-- Opening Marker --
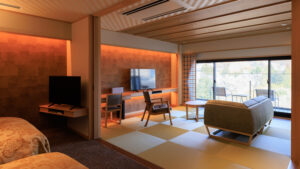 Tatami guest room with sofa, desk, and window seating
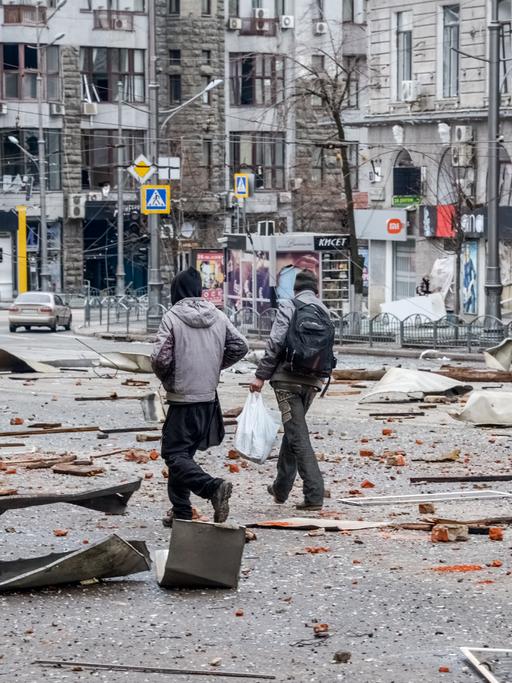 Zwei Männer laufen in Charkiw über Trümmerteile auf der Straße nach dem Beschuss durch russische Truppen.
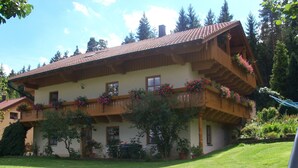 A two-story chalet with balconies adorned with flowers, a well-maintained lawn, and a sandbox in the foreground.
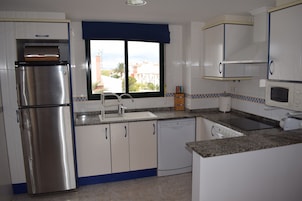 Una cocina con refrigerador de acero inoxidable, armarios blancos, lavavajillas, pileta y microondas.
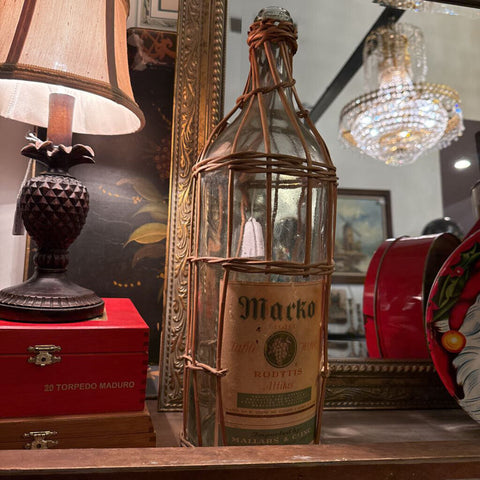 Tall vintage wine demijohn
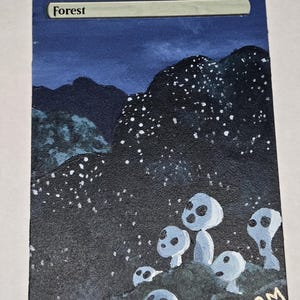 May include: A rectangular trading card featuring a hand-painted scene of a dark forest at night with white glowing specks and several small, pale, round-headed figures with dark eye and mouth holes. The word Forest is printed at the top.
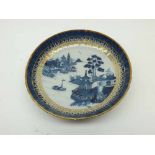 A Chinese Bowl, the centre painted in underglaze blue with a Chinese river scene within a gilded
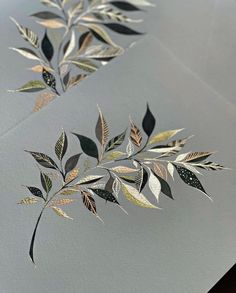 two sheets of paper with leaves painted on them, one is silver and the other is gold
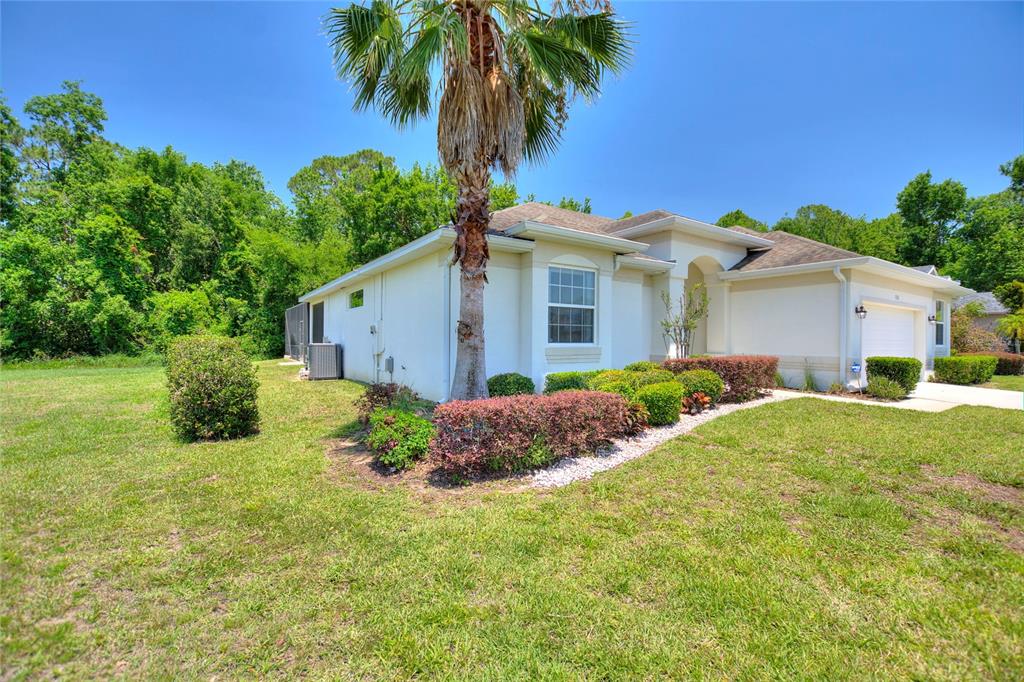 A single-story house with a palm tree, manicured shrubs, and a lawn under a blue sky — 1316 GOLF COURSE PARKWAY, DAVENPORT, FL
-- Closing Marker --
EXERCISE DETAILS -> The answer must be an exact copy of the lines from the one that holds "Zwei Männer laufen" through the end of the data, both included, with no pictures.

THE ANSWER ->
 Zwei Männer laufen in Charkiw über Trümmerteile auf der Straße nach dem Beschuss durch russische Truppen.
 A two-story chalet with balconies adorned with flowers, a well-maintained lawn, and a sandbox in the foreground.
 Una cocina con refrigerador de acero inoxidable, armarios blancos, lavavajillas, pileta y microondas.
 Tall vintage wine demijohn
 May include: A rectangular trading card featuring a hand-painted scene of a dark forest at night with white glowing specks and several small, pale, round-headed figures with dark eye and mouth holes. The word Forest is printed at the top.
 A Chinese Bowl, the centre painted in underglaze blue with a Chinese river scene within a gilded
 two sheets of paper with leaves painted on them, one is silver and the other is gold
 A single-story house with a palm tree, manicured shrubs, and a lawn under a blue sky — 1316 GOLF COURSE PARKWAY, DAVENPORT, FL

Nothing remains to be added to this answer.